States have little participation and decision-making powers in improving higher education and research in the country.
Every year, India dreams of its higher educational institutions rising up to world standards in terms of ranking, number of peer-reviewed publications, and awards for research. It dreams of this despite reports that almost three-fourths of the graduates emerging from these colleges and universities are adding little value to research and innovation as a result of the poor-quality education that they have received. The Central government’s solution to this problem is simple: increase the number of institutions under its control, whether it is the Indian Institutes of Technology or the medical institutes, and hope that the quality improves.
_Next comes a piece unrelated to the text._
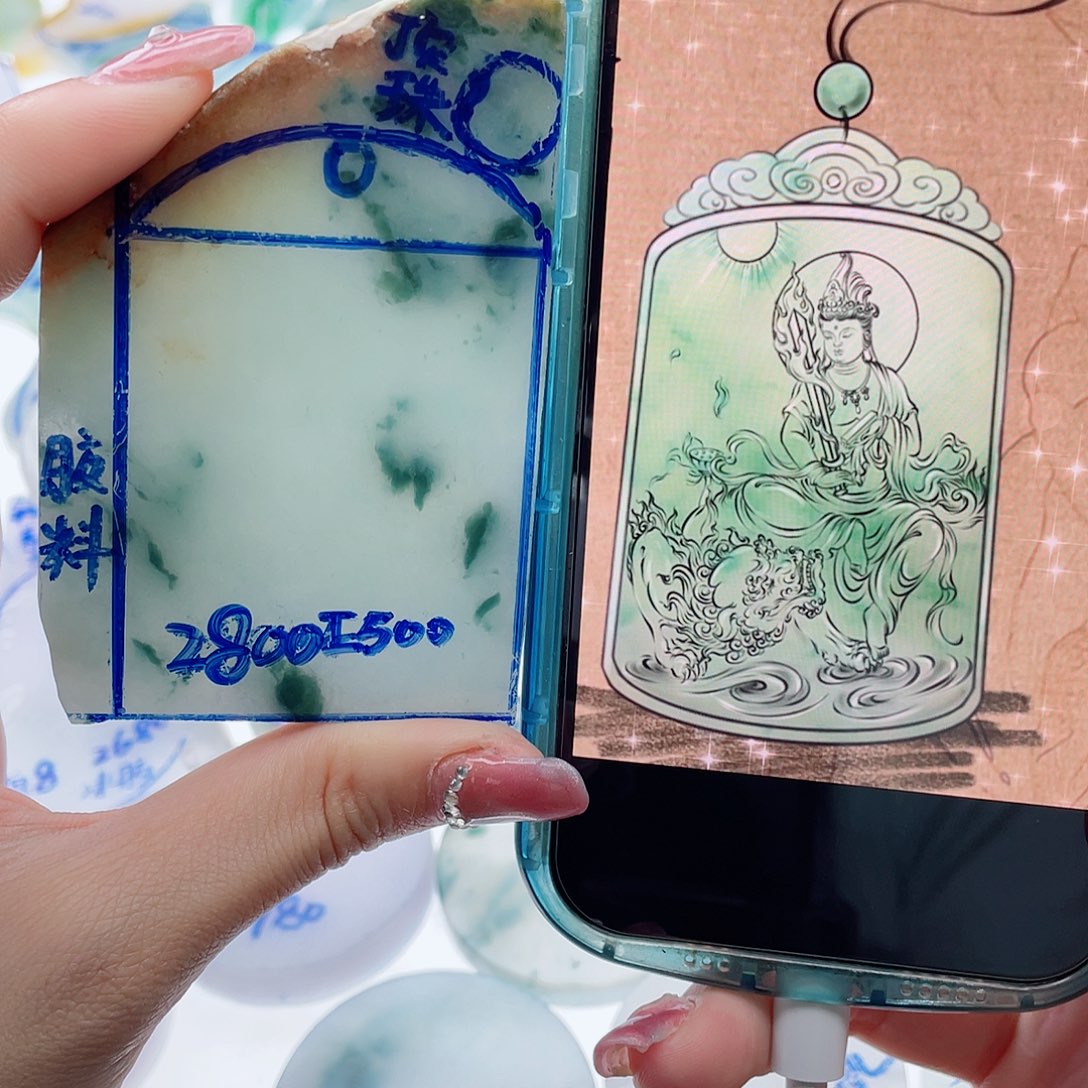 定制翡翠未镶嵌纯天然缅甸a货翡翠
By repeatedly doing this, the Centre is limiting its role in improving the quality of education and research given that it controls only some hundred institutions in the country, which produce less than 1 per cent of the total number of graduates in the country every year.
A widening gap
On the other hand, State universities produce over 95 per cent of the nation’s graduates, including from the private college system through the affiliation route. Yet they have little presence in bodies that frame policies and decisions regarding regulation or funding. All the major decisions and initiatives only deal with the Central institutions, with the Centre also seeing some hope from the emerging private universities which are driven purely by money power and political patronage. With the gap in quality of education and research widening between the Central and State institutions, the dream of India becoming the R&D hub of the world, of expanding the manufacturing sector, of creating over ten million jobs annually, or becoming the knowledge superpower is becoming harder to realise.
Ironically, the States do not seem to realise the depth of the problem either; the most they do is to ask the Centre to locate the next, say, IIT in their State. In this context, it is important for the States to redefine their role in higher education.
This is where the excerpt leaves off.